Retype exactly every line from the one that includes "The process of" through the final line of the listing, both ends kept, and omit the pictures.

Recorded data:

---+---

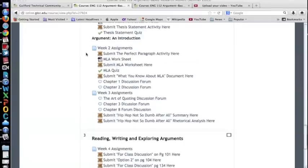All discussion forums based on the text will be question and answer discussion forums. All other forums will be standard forums.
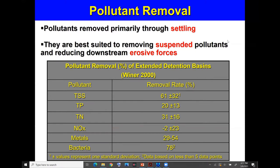The process of pollutant removal in detention basins is through settling, which is why it is very efficient for suspended pollutants. TSS removal is very good, though slightly lower for other pollutants like phosphorus and nitrogen. Another benefit of detention basins is that they reduce downstream erosive forces because we can control the release of captured water from the basin.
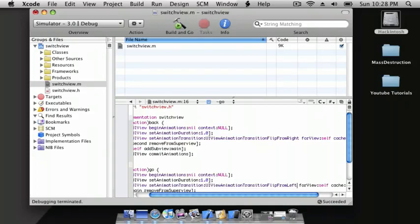Hey guys, what's up? This is NineLife Software, and this is part two of the switching views with animation. This is the curve up and curve down.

---+---

Answer to this exercise:
The process of pollutant removal in detention basins is through settling, which is why it is very efficient for suspended pollutants. TSS removal is very good, though slightly lower for other pollutants like phosphorus and nitrogen. Another benefit of detention basins is that they reduce downstream erosive forces because we can control the release of captured water from the basin.
Hey guys, what's up? This is NineLife Software, and this is part two of the switching views with animation. This is the curve up and curve down.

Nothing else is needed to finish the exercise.